TASK INPUTS:
◆ ◆ ◆ ◆

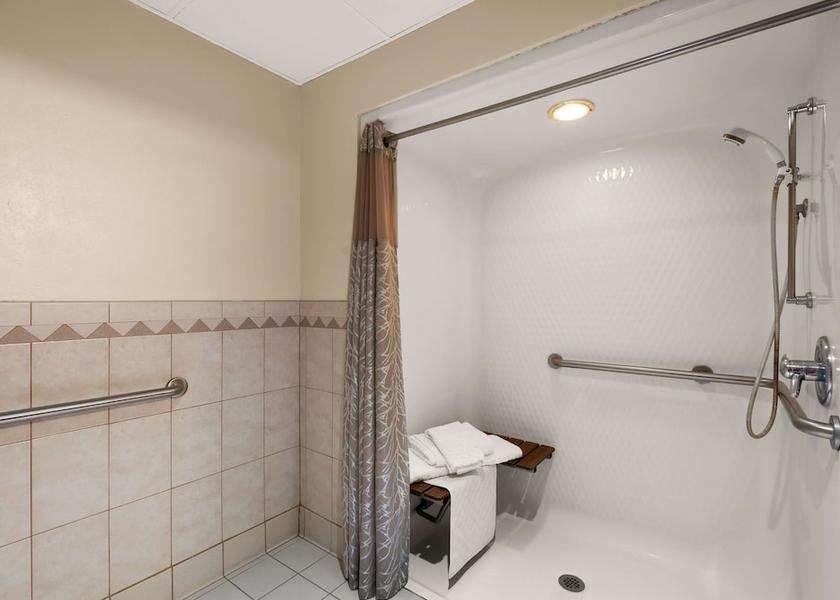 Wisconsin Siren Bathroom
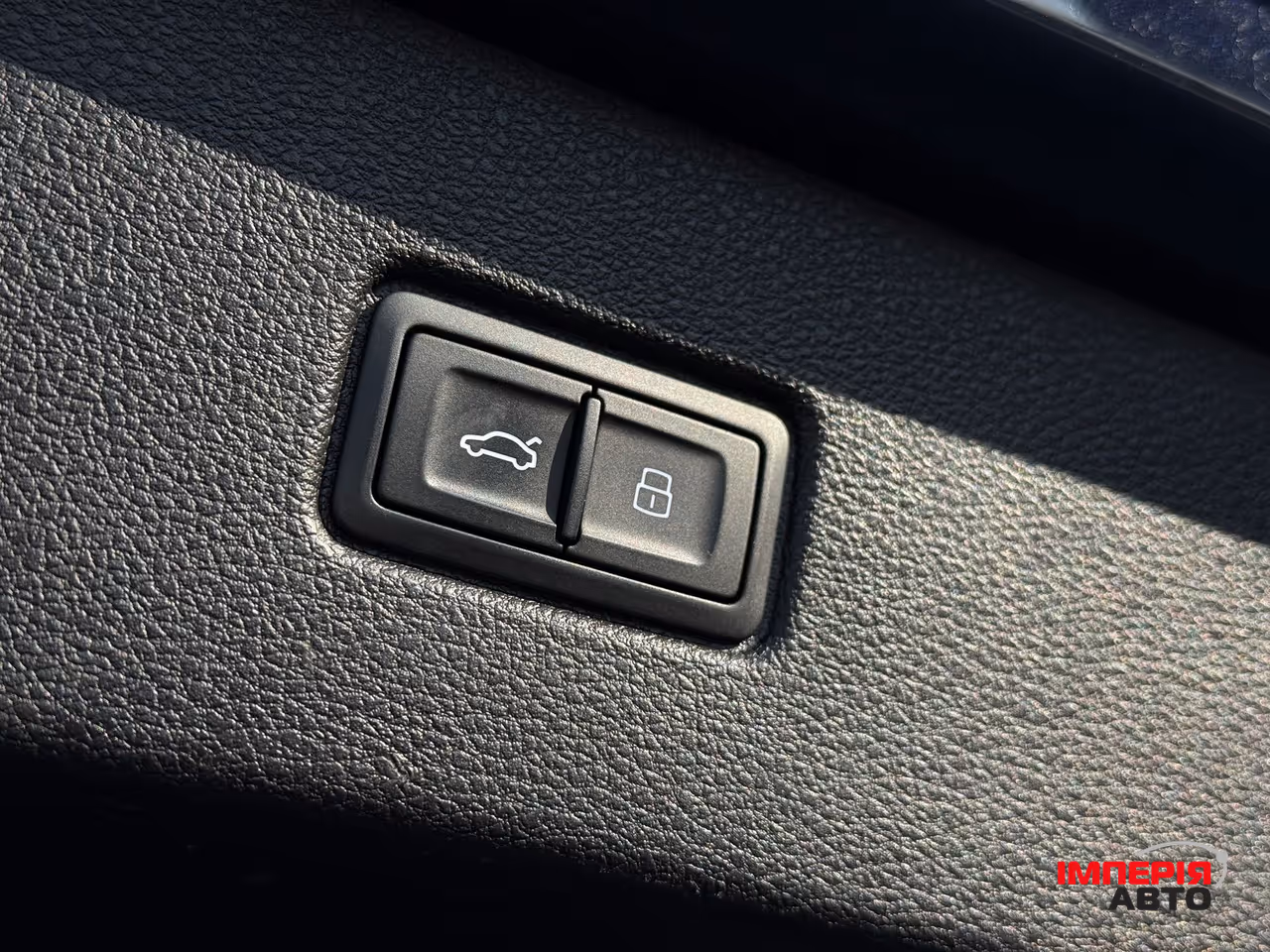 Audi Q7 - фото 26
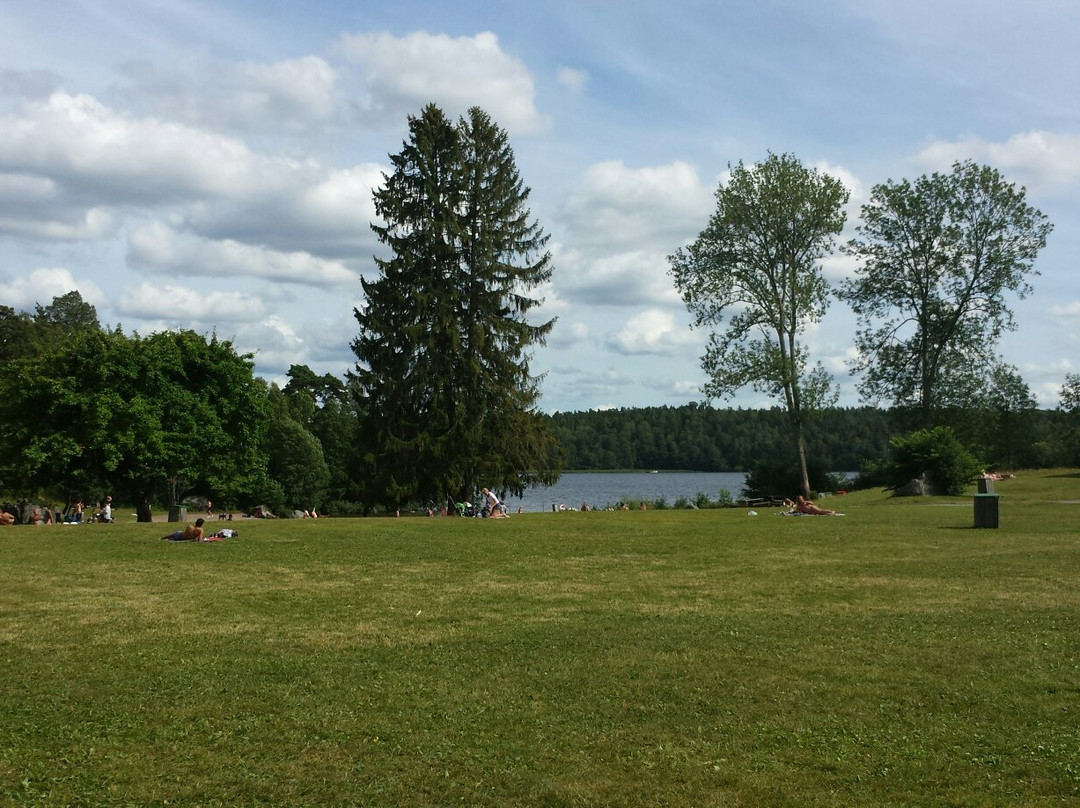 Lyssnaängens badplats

◆ ◆ ◆ ◆

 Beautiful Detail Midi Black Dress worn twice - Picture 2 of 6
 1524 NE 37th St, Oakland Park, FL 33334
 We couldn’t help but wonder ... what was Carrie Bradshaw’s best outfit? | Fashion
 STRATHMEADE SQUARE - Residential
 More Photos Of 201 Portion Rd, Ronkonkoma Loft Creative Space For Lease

◆ ◆ ◆ ◆

PROBLEM STATEMENT: From the entries above, write out only the lines starting at the line that holds "Beautiful Detail Midi" and ending at the line that holds "More Photos Of", keeping both and matching them exactly.

TASK SOLUTION:
 Beautiful Detail Midi Black Dress worn twice - Picture 2 of 6
 1524 NE 37th St, Oakland Park, FL 33334
 We couldn’t help but wonder ... what was Carrie Bradshaw’s best outfit? | Fashion
 STRATHMEADE SQUARE - Residential
 More Photos Of 201 Portion Rd, Ronkonkoma Loft Creative Space For Lease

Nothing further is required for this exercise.